# PeerGuardian problems??



## ALZAMAC (Dec 24, 2005)

Hey folks!!

i have recently installed zone alarm firewall on my system although it takes a bit of getting used to it does the job.A friend also recommend that i use Peerguardian but i find this a complete nightmare and most of the time i have to disable it to access the web.
Can anyone tell me if i actually need peerguardian or is zone alarm sufficient??
Also if anyone knows how to work P/g effectively can you please give me some pointers??

Thanks!!!


----------



## johnwill (Sep 26, 2002)

This is the first time I've ever heard of Peerguardian, and I can assure you that you don't need it. I'd lose it. I've managed to work for years without it, so it can't be that important.

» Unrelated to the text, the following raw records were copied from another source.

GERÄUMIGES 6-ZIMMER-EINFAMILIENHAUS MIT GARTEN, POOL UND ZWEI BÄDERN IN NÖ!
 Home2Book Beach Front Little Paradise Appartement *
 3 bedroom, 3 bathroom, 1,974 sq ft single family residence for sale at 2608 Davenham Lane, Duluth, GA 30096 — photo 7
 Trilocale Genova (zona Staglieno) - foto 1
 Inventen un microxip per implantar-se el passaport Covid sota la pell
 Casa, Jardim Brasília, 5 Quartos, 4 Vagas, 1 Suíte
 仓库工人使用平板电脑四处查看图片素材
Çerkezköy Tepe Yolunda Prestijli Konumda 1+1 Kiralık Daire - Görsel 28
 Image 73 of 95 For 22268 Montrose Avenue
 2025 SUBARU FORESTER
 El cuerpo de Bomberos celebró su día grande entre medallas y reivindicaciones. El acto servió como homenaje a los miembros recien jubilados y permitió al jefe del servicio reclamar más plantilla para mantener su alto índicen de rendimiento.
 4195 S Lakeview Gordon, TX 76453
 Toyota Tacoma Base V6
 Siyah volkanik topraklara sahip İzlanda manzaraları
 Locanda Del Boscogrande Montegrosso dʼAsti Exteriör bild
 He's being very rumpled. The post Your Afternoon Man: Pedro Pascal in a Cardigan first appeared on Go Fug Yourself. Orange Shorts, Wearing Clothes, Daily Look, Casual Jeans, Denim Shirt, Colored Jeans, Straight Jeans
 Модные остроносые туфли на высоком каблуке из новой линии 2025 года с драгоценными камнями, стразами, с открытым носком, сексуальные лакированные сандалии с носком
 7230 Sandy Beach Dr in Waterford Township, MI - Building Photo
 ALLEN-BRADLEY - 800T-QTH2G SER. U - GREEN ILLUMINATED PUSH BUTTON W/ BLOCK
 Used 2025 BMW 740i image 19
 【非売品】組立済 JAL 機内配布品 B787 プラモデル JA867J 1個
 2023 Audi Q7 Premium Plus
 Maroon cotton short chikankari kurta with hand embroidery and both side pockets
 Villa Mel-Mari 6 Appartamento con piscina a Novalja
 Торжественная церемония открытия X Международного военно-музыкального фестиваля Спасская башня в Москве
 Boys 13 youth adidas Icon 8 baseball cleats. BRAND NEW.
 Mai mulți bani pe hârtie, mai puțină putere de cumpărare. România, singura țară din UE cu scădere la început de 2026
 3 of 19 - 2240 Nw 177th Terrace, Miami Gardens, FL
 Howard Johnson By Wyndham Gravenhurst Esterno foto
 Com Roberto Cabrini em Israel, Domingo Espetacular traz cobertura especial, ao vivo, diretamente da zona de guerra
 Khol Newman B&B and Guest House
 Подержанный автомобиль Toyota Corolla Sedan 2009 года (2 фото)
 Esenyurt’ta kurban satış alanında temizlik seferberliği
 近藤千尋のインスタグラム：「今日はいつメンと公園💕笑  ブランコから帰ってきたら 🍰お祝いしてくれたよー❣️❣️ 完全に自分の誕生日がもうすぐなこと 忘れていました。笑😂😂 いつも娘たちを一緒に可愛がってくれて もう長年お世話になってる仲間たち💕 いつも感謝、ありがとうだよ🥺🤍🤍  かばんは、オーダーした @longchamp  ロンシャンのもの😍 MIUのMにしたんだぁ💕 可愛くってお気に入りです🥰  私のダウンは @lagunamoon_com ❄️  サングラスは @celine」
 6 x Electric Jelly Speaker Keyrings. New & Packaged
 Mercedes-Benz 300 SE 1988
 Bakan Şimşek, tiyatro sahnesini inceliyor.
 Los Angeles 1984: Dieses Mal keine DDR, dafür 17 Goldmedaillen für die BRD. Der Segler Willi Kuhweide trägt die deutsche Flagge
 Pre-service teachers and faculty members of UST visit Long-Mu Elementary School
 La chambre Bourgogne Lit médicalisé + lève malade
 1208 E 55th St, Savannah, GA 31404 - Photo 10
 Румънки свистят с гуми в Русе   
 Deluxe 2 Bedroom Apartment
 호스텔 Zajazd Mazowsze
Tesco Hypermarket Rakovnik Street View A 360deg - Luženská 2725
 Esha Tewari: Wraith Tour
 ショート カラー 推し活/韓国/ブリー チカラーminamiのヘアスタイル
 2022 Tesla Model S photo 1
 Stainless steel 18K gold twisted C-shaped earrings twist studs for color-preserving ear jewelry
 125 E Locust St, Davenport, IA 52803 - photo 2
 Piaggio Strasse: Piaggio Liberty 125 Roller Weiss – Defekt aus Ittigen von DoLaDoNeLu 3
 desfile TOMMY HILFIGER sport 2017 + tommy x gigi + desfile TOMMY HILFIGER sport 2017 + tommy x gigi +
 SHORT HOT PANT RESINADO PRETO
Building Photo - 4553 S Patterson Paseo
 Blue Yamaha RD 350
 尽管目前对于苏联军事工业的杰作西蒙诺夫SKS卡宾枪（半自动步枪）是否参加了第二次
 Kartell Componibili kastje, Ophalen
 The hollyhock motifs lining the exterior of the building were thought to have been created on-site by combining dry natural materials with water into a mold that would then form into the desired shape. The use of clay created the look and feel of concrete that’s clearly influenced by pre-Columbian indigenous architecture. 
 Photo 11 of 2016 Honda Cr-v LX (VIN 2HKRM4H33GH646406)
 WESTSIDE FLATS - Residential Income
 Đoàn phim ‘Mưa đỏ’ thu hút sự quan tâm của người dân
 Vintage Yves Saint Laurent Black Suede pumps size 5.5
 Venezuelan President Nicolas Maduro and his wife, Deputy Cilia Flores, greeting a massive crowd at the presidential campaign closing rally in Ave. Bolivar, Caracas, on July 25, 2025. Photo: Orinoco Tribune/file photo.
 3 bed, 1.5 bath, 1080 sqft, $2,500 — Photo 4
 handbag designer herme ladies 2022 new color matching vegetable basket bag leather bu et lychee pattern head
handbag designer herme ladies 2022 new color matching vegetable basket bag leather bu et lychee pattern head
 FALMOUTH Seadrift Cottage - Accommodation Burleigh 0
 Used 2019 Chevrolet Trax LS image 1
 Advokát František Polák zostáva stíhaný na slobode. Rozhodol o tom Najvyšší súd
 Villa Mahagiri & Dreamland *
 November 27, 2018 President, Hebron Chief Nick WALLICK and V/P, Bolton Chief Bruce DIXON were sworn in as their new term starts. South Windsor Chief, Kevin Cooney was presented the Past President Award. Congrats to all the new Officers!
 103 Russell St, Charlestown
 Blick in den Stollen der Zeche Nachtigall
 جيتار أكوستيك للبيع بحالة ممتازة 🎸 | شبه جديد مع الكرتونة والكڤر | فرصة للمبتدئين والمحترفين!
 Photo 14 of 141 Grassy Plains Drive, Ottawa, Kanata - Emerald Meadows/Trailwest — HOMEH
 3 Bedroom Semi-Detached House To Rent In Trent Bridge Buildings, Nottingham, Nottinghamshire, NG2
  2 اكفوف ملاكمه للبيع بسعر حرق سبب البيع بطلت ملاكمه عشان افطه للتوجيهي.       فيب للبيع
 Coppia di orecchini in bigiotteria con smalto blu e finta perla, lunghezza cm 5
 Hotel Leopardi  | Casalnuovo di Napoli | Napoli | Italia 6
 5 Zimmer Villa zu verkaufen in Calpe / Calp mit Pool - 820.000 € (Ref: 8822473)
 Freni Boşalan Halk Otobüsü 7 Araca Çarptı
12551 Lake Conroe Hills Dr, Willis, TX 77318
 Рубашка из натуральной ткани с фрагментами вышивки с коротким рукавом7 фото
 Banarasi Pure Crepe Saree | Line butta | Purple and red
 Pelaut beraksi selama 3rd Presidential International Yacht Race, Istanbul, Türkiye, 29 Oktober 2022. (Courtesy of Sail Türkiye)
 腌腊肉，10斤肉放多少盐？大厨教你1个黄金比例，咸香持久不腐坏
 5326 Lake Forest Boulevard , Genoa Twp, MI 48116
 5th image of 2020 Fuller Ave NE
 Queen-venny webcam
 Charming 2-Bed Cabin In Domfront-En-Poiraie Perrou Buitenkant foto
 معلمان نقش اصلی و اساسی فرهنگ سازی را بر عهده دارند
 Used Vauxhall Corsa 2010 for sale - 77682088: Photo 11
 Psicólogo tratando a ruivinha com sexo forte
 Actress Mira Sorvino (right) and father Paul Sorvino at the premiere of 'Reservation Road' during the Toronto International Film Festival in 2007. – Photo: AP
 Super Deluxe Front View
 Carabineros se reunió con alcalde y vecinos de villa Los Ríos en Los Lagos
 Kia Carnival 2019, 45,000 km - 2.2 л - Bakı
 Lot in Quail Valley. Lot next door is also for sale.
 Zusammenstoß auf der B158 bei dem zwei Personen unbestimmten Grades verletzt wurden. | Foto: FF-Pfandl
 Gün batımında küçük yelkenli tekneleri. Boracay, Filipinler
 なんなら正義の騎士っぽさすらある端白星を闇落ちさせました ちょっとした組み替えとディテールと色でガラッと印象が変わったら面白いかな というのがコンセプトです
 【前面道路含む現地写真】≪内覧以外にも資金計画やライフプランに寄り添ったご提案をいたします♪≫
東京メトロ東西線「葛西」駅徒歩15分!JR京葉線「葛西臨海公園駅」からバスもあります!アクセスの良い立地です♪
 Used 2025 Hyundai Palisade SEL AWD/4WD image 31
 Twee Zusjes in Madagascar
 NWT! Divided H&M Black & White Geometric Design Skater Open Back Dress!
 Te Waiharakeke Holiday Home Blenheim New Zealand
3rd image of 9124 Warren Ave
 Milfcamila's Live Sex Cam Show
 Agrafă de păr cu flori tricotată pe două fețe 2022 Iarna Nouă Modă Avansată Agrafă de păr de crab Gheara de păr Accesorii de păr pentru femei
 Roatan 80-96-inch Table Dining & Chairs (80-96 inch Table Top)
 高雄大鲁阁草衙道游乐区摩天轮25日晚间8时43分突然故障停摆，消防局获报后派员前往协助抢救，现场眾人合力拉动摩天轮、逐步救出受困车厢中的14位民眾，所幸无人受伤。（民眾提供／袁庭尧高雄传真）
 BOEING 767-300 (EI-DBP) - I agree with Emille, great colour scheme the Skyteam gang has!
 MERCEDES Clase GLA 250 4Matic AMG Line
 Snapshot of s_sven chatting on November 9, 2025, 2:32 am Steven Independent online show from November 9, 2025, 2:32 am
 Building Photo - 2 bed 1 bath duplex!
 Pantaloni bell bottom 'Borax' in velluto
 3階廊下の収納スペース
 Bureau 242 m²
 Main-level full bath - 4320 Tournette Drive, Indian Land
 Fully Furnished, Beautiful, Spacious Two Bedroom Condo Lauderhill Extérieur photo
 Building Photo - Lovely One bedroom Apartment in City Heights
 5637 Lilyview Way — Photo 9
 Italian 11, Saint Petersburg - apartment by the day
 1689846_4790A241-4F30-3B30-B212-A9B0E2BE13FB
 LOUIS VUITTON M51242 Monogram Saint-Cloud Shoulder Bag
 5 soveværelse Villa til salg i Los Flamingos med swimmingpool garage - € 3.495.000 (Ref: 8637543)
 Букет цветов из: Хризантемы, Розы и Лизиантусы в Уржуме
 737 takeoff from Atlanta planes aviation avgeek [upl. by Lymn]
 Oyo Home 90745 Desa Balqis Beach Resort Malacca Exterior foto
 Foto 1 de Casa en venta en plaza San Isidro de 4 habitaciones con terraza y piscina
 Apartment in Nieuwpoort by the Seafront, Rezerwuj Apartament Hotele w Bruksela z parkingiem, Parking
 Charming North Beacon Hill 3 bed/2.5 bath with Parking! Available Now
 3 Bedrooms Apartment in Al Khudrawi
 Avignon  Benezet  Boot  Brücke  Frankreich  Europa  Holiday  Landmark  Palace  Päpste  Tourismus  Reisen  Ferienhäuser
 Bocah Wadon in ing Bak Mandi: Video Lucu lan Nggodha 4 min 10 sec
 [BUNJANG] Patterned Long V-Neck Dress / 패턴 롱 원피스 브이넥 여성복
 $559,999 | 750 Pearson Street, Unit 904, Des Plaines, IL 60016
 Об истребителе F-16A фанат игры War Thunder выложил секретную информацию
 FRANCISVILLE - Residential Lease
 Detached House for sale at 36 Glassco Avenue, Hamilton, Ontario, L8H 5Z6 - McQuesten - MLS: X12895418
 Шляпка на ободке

I see it's a P2P product, which is something that we don't support here in any case.


----------



## ALZAMAC (Dec 24, 2005)

Thanks John, pardon my ignorance but what is p2p??


----------



## johnwill (Sep 26, 2002)

Peer-to-Peer file sharing.


----------



## tgo (Jul 5, 2005)

PeerGuardian used to be very good for blocking connections from fake file sites and other agencies when using p2p but after the server was compromised a few months ago and the installers backdoored there has been no updates or support.

Zone Alarm is a full firewall while pg just blocks connection from certain agencies so ZA is a much better choice for what you want.


----------